■ **Exercise goal**:
Take the line containing "Batak style village" in the listing below and copy it, along with every line after it, without alteration.

■ **Data**:
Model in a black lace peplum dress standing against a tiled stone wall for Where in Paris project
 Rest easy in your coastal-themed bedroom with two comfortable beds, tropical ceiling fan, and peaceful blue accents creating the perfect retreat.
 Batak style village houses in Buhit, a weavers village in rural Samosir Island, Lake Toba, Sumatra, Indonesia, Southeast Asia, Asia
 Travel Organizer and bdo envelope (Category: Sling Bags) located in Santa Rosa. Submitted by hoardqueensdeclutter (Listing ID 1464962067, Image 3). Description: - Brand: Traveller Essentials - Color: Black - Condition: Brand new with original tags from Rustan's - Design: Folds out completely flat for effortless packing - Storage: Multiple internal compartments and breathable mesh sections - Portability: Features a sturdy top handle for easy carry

■ **Response area**:
 Batak style village houses in Buhit, a weavers village in rural Samosir Island, Lake Toba, Sumatra, Indonesia, Southeast Asia, Asia
 Travel Organizer and bdo envelope (Category: Sling Bags) located in Santa Rosa. Submitted by hoardqueensdeclutter (Listing ID 1464962067, Image 3). Description: - Brand: Traveller Essentials - Color: Black - Condition: Brand new with original tags from Rustan's - Design: Folds out completely flat for effortless packing - Storage: Multiple internal compartments and breathable mesh sections - Portability: Features a sturdy top handle for easy carry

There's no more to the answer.